DATA BLOCK -
########
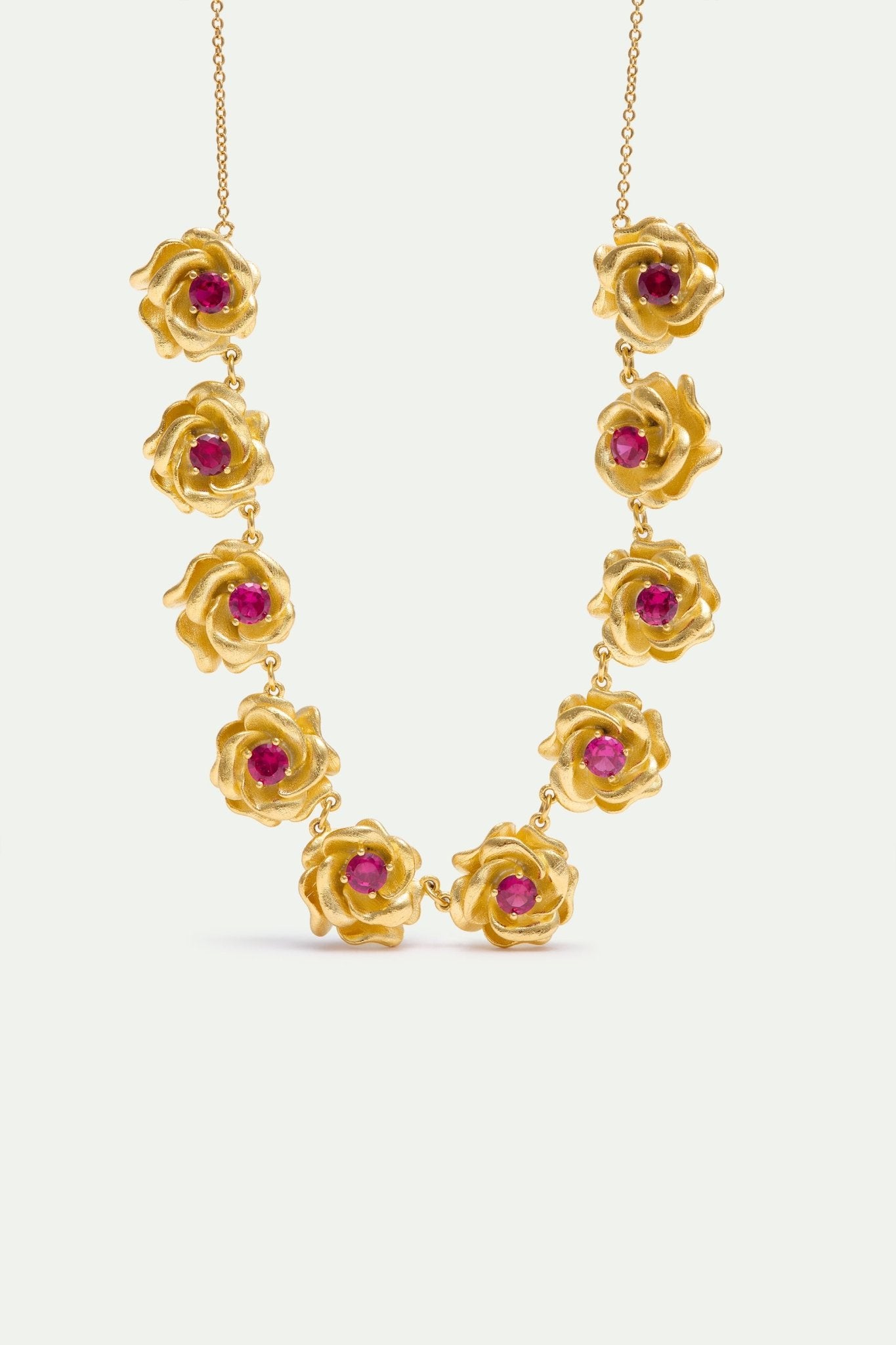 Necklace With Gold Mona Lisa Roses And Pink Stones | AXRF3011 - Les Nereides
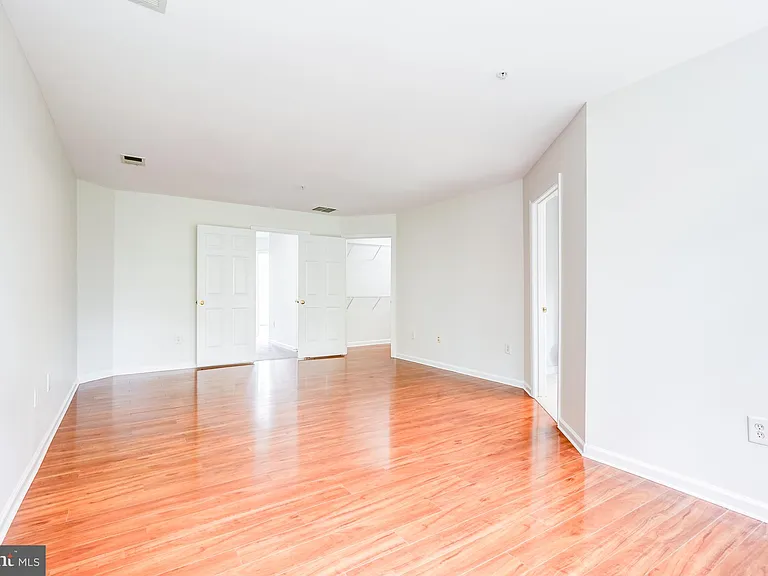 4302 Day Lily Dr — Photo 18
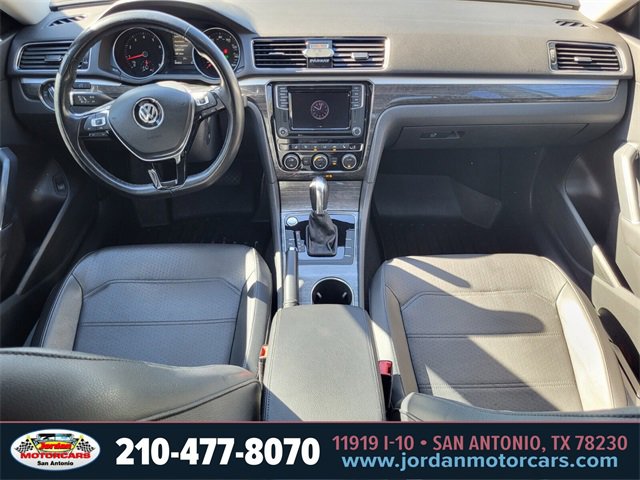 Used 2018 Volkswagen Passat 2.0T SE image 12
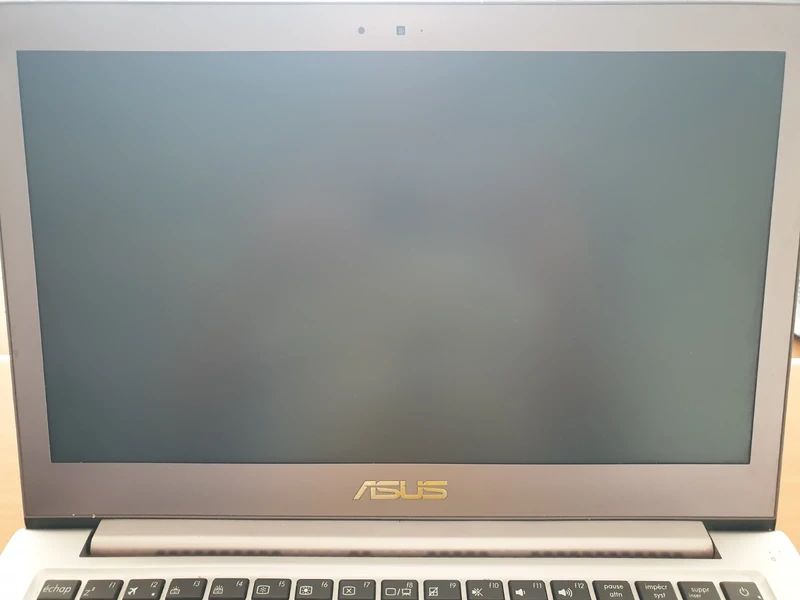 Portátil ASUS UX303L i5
########
REQUIRED WORK -
Apart from the images, reproduce the listing exactly as it appears.

RESPONSE BELOW -
 Necklace With Gold Mona Lisa Roses And Pink Stones | AXRF3011 - Les Nereides
 4302 Day Lily Dr — Photo 18
 Used 2018 Volkswagen Passat 2.0T SE image 12
 Portátil ASUS UX303L i5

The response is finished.